The document describes the possible uses that SBTs could have for the lives of users. The first of them is authenticity verification by NFT artists to his works. An artist could sign a work together with the SBTs that certify his experience, giving greater value to his creation.

Another important point made in the document is that of the unsecured loans. By serving SBT as a credit scoring system, lenders could certify that the user is not defaulting, and so to be able to offer credits without collaterals. Currently, these types of loans are impossible within the ecosystem of decentralized finance (DeFi).

Governance is also a stated objective within the paper of the Soulbound. Each SBT is assigned to a single person. This, in turn, is non-transferable and reduces Sybil attacks (in which a single entity controls multiple identities). The document indicates that SBTs could make use of the proof of humanity, which indicates that a person must attest to their identity within a decentralized network.

Soulboud Challenges

One of the main challenges that Soulbound will face is the issue of privacy. Since a wallet will carry all the information of a user, he may not have the need or desire to make it public.

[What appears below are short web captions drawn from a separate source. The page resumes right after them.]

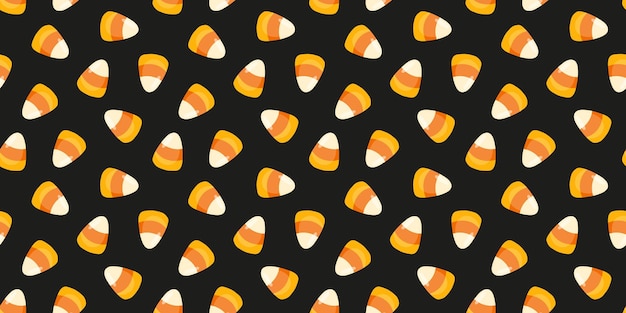 Black seamless banner with candy corn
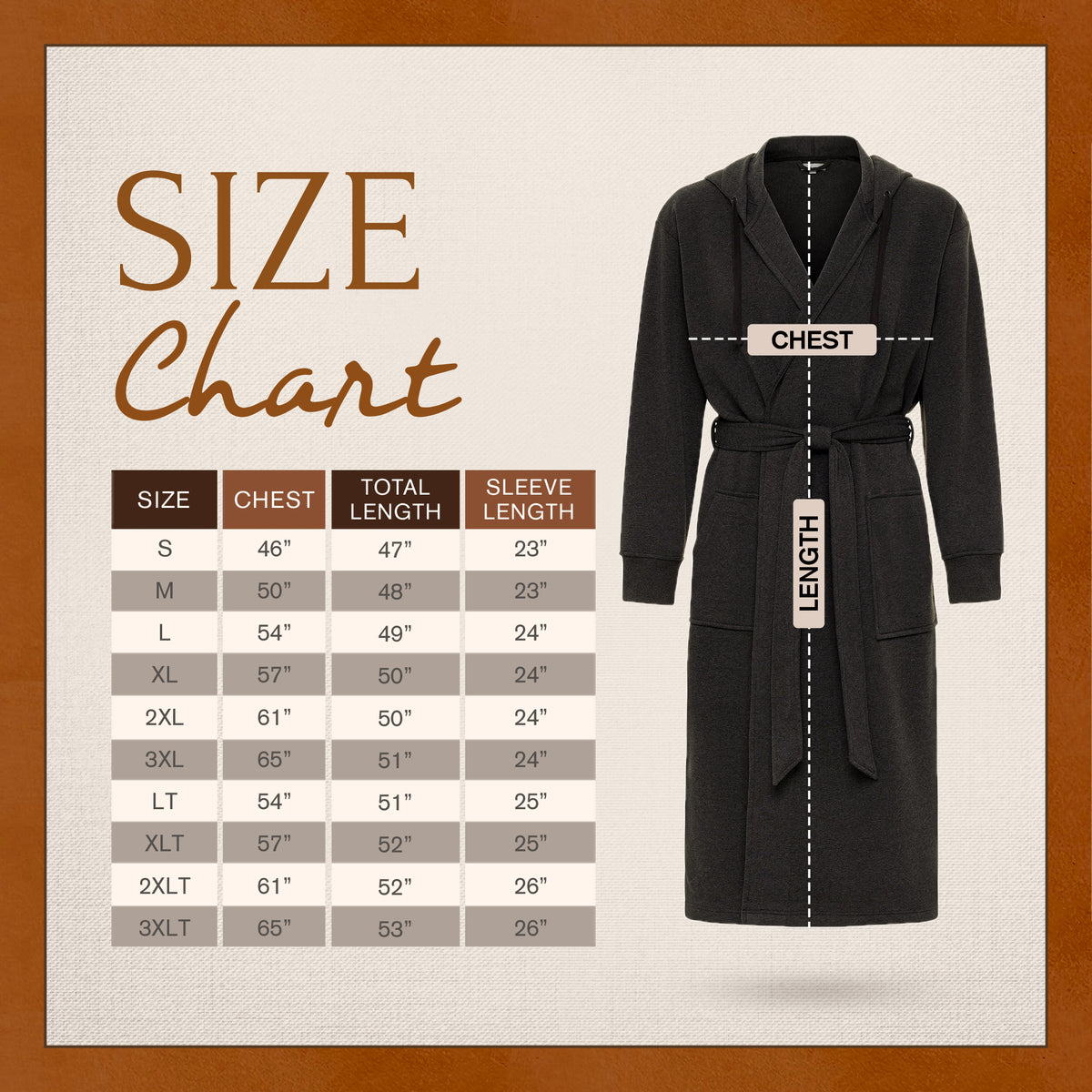 Men's Dark Heathered Gray Classic Hooded Sweatshirt Robe, Winter Bathrobe - Dark Heathered Gray - actual size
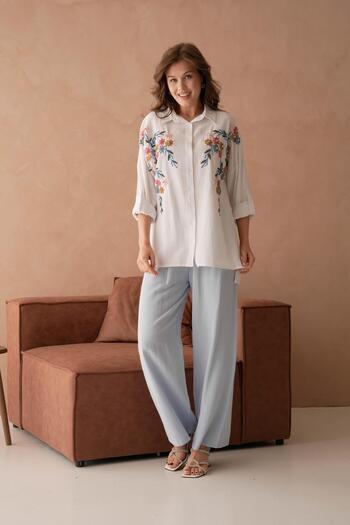 BURRASCA Embroidered Stone Linen Suit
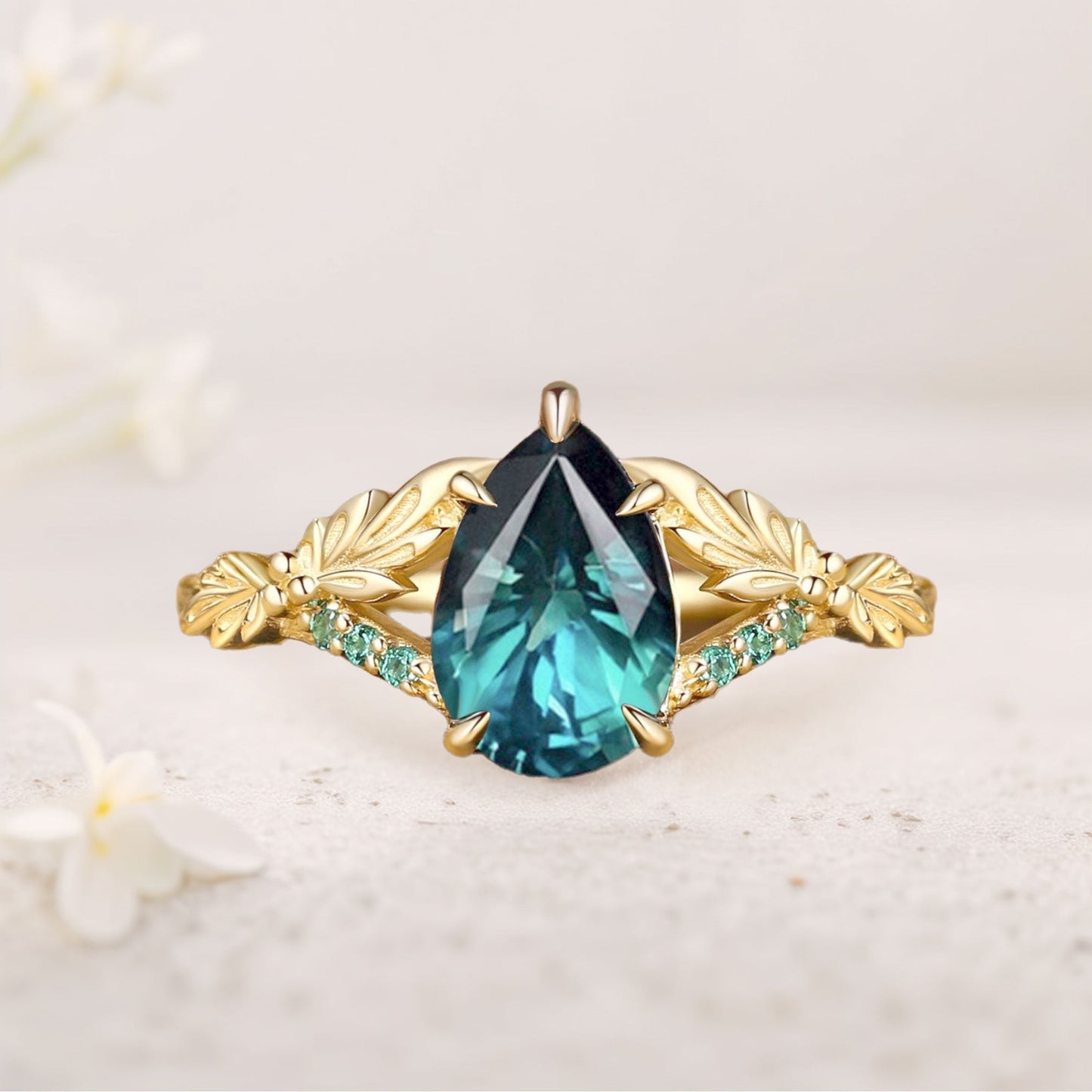 Unique floral engagement rings Pear Green Sapphire Leaf Engagement Ring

To combat this privacy flaw, the authors propose an information verification system, just as they use non-fungible tokens (NFTs). The part of the SBT document that contains the information is stored in the cloud chosen by the user, while in the public network only the hash corresponding to that information will be kept.

“Soul-bound” NFTs are the new proposal from Ethereum co-creator Vitalik Buterin
This system allows maintaining a certain degree of privacy on the user’s information. Source: Whitepaper Soulbound.

Another important point is in the transfer of information from one wallet to another and the recovery of data. As described in the whitepaper, it is “deluded” thinking that a user will not transfer their information as he may lose access to his keys and therefore his SBTs. The proposal establishes a community recovery system based on two pillars: the first of these is the delegation of recoveryin which each person delegates to entities, who can attest to their identity.

The other is interaction, that is, the platforms with which a user interacts can serve as witnesses at the time of recovery, or rather transfer of SBT, taking into account that their principle is to be non-transferable.

Regarding the non-transferability of each SBT, it is under discussion whether the issuer must be the one who can assign and revoke the token, but not the user. This allows you to set up a recovery process.

Detractors of SBTs

Although the system seems to have noble goals, its weaknesses can represent serious flaws in terms of privacy and anonymity. Even within the document it is highlighted that one of the limitations is to fight against the culture of cancellation, where the principle of pseudonymous economy is given. This refers to the fact that users prefer to remain anonymous by using pseudonyms.

Privacy presents a key challenge for DeSoc. For one thing, too many public SBTs can reveal too much information about a Soul, making them vulnerable to social control.

Paper of the souldbound tokens.

Faced with this possibility, some people on Twitter they commented that soulbound tokens can end serving as a decentralized model of social control similar to the one used —in a centralized way— by the Government of China. This, taking into account that all the information of a person is at the mercy of the network.